Dies war nur für ihn bestimmt. »Neph hat mir das andere Ohr weggebrannt, um mich für das zu bestrafen, was du getan hast. Du hast mich drei Jahre gekostet, Azoth. Drei Jahre, bevor ich wieder zum Oberhaupt der Gilde wurde. Ich habe lange den Atem angehalten - Götter, es schien mir eine Ewigkeit zu sein. Eine Ewigkeit, die ich gebraucht habe, um den Knoten zu lösen, eine Ewigkeit, während der ich mein Leben in dieses schmutzige Wasser blutete, bis Neph mich endlich herauszog. Er hat das Ganze beobachtet und gesagt, er habe erwogen, mich sterben zu lassen. Neph musste einen meiner Großen töten - du erinnerst dich an Roth, nicht wahr? - und ihn an meiner Stelle unter Wasser anbinden, bevor dein Meister kam. Ich musste zu irgendeiner beschissenen Gilde auf der gegenüberliegenden Seite des Labyrinths ziehen und von vorn anfangen. Es ist deine Schuld, dass ich meinen Vater beinahe enttäuscht hätte.« Er zitterte vor Zorn. Dann entblößte er erneut sein geschmolzenes Ohr. »Dies war die geringste meiner Strafen. Und dann bist du bequemerweise ›gestorben‹. Ich habe es nie geglaubt, Azoth. Ich wusste, dass du dort draußen warst und nur auf mich gewartet hast. Glaub mir, wenn ich Zeit hätte, würde ich dich jahrelang foltern, ich würde dich bis an die Grenze menschlicher Leidensfähigkeit treiben und darüber hinaus. Ich würde dich heilen, nur um dir neue Schmerzen zuzufügen.« Er schloss die Augen und senkte abermals die Stimme. »Aber diesen Luxus kann ich mir nicht leisten. Wenn ich dich am Leben lasse, könnte mein Vater andere Pläne für dich ersinnen. Er könnte etwas anderes mit dem Ka’kari tun. Ich habe für diesen Ka’kari bezahlt, und ich habe die Absicht, ihn jetzt gleich zu binden.« Er lächelte grimmig. »Irgendwelche letzten Worte?«
Kylar war nicht mehr konzentriert, war abgelenkt. Furcht und Entsetzen hatten dazu geführt, dass sein Geist sich von dem
Rätsel abgewandt hatte, obwohl nichts so wichtig hätte sein dürfen. Durzo hatte ihn Besseres gelehrt. Furcht musste man sich eingestehen und dann ignorieren. Wo war er gewesen? Verschlinger? Magie? »Scheiße«, sagte er, ohne zu begreifen, dass er laut gesprochen hatte.

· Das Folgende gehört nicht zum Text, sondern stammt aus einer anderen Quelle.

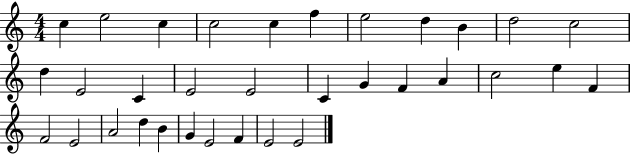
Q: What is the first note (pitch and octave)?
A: C5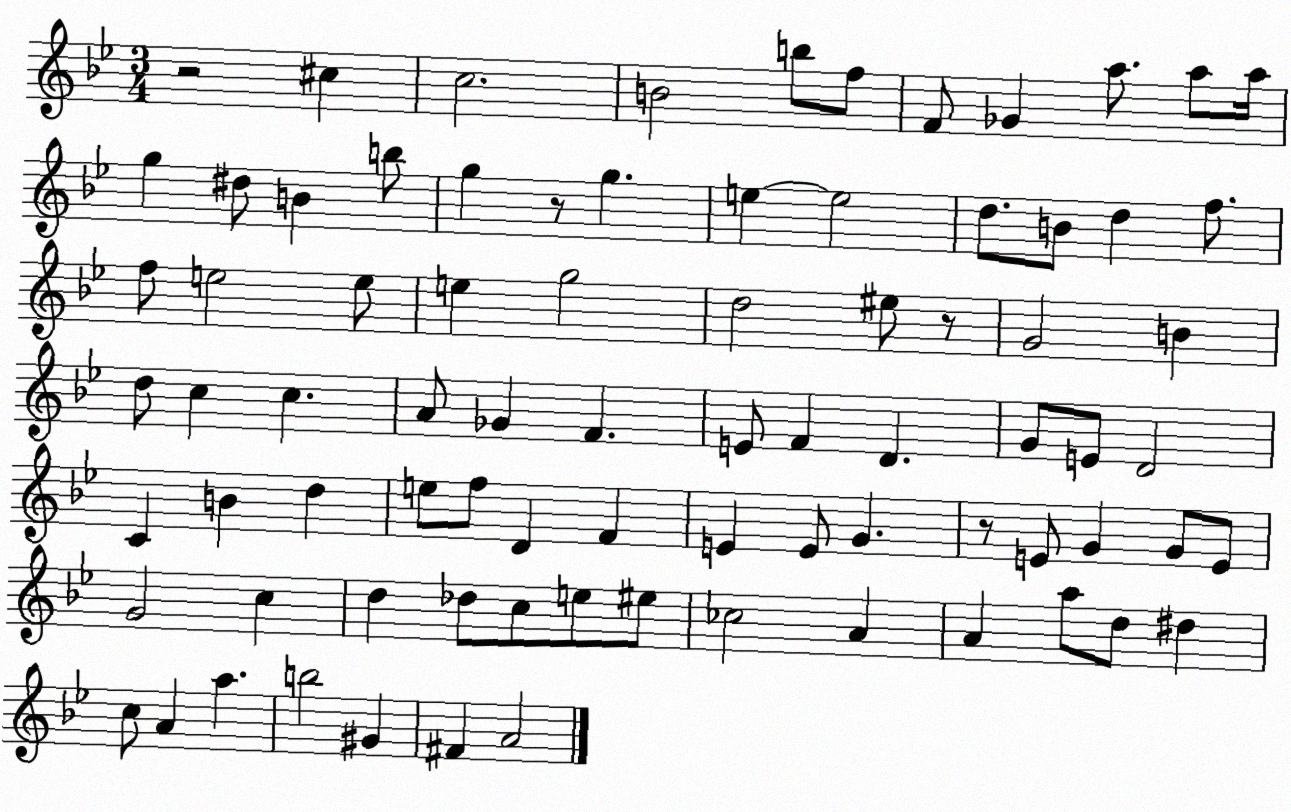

Roth zog eine Augenbraue hoch. »Hmm. Langweilig, aber durchaus zutreffend.« Er fasste sein Schwert fester, und seine Schulter drehte sich nach hinten. Die Klinge hob sich. Der Mann würde ihm den Kopf abschlagen. Alles in Kylar schrie nach Hilfe.
Irgendwo unterhalb des Spektrums des menschlichen Gehörs erklang ein Dröhnen, aber Kylar spürte, wie es einem Donnerschlag gleich in seinem Magen brodelte. Alles vor seinen Augen wurde weißblau vor Magie. Er konnte die Magie durch die Luft strömen sehen, so schnell wie ein Pfeil, eine Wand aus Magie.
Die Burg selbst erzitterte, und alle fielen zu Boden. Wohin er auch schaute, sah Kylar die gleichen verblüfften Blicke. Roth lag der Länge nach auf den Stufen, das Schwert noch in der Hand, den Mund geöffnet.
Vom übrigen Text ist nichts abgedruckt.